-- SOURCE DATA follows --

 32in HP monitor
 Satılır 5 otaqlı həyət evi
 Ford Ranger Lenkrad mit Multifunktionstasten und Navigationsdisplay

-- SOURCE DATA concluded --

Retype all of the data shown above, word for word.

→ TASK SOLUTION:
 32in HP monitor
 Satılır 5 otaqlı həyət evi
 Ford Ranger Lenkrad mit Multifunktionstasten und Navigationsdisplay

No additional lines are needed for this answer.